中国は最近、南シナ海のスカボロー礁へのアクセスに関するフィリピンとの2016年の暗黙の合意を初めて公表した。具体的には、マニラ駐在中国大使館のウェブサイトに5月2日に掲載された声明の中で、同大使館は、2016年に当時のフィリピン大統領ロドリゴ・ドゥテルテ氏が北京を訪問した際に合意した両国間の「特別暫定合意」に言及した。
外交が行き詰まる中、マルコス政権は伝統的な同盟国との安全保障協力の強化を推進している。先月、マルコス大統領はホワイトハウスで日本とアメリカの首脳らと共に三国首脳会談に出席した。
今月、フィリピンのジルベルト・テオドロ国防長官はハワイでオーストラリア、日本、米国の防衛首脳と会談した。今後数ヶ月にわたり、四カ国は海軍の相互運用性を強化し、南シナ海で定期的な共同パトロールを実施する予定だ。
フィリピンの防衛当局も、日本やフランスとの訪問部隊協定を含む安全保障協力の拡大を推進している。
このアプローチは防衛的な性質を持つものの、フィリピンの戦略的自立性を損なう可能性もある。それだけでなく、米国自身もロシア・ウクライナ紛争、中東情勢、そして誰がホワイトハウスに就任するかが依然として不透明な次期米国大統領選挙など、外交政策上の重要な懸念を抱えている。

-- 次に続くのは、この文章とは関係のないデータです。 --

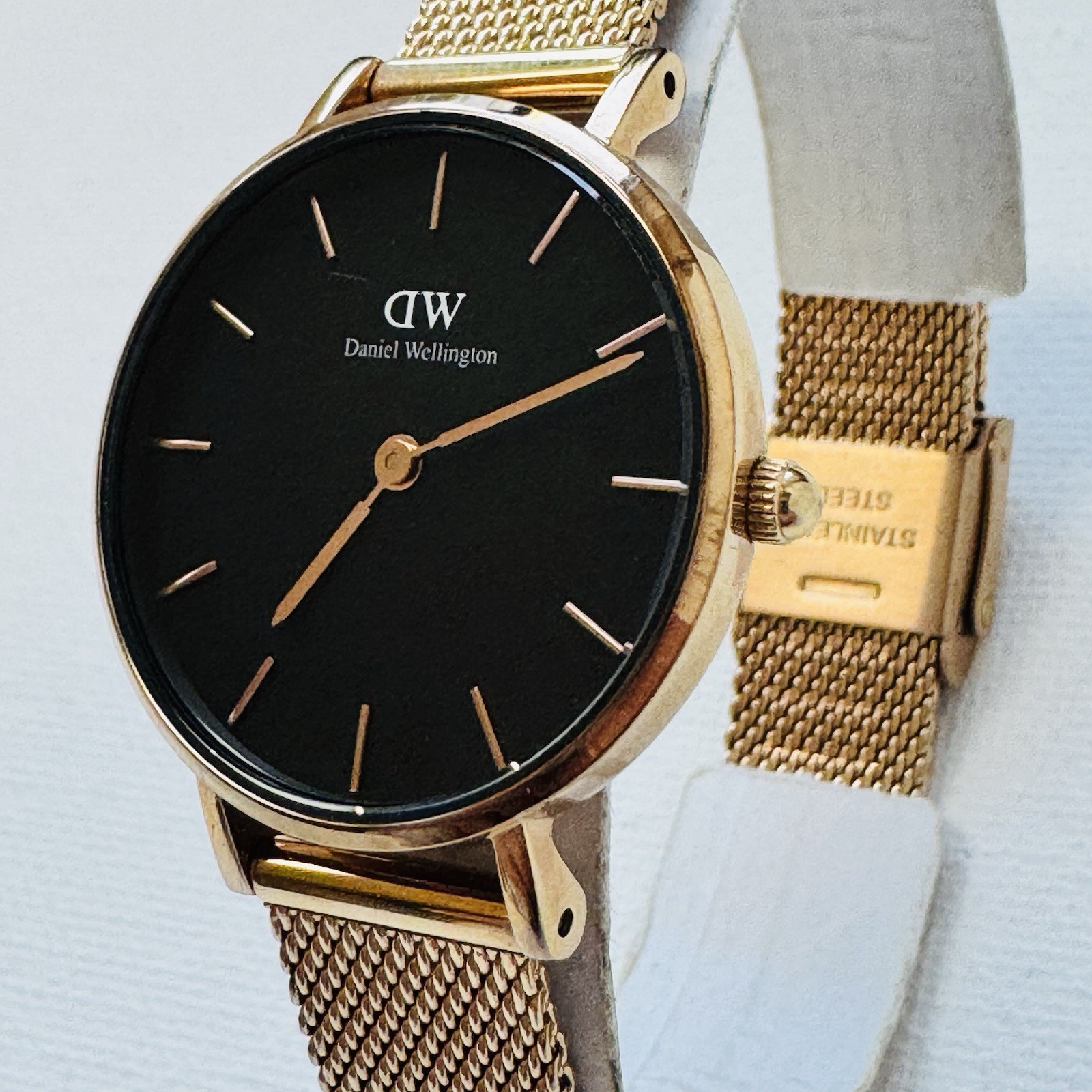 Daniel Wellington Petite Melrose 28mm Women’s Rose Gold Mesh Black Dial B28R01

さらに、日本は米国と「グローバルパートナーシップ」を結んでいるものの、経済・人口動態の停滞に直面しており、フィリピンへの強力な支援は期待できない。オーストラリアにとっては、ワシントンとロンドンとの間で原子力潜水艦プロジェクトをめぐる論争も、マニラが念頭に置くべき事項である。
しかし、現状維持は多くのリスクももたらし、国際的な懸念が高まり、海上での衝突や衝突のリスクが高まり、東海で武力衝突が発生する可能性が非常に高くなります。
総じて、中国は緊張を緩和し、紛争の平和的解決を実現するために、フィリピンへのアプローチを見直す必要があることは明らかである。マルコス政権は、中国との明確な対話ルートを維持し、戦略的自主性を強化し、ASEANと共に安定的かつ包摂的な地域秩序の構築を積極的に推進すべきである。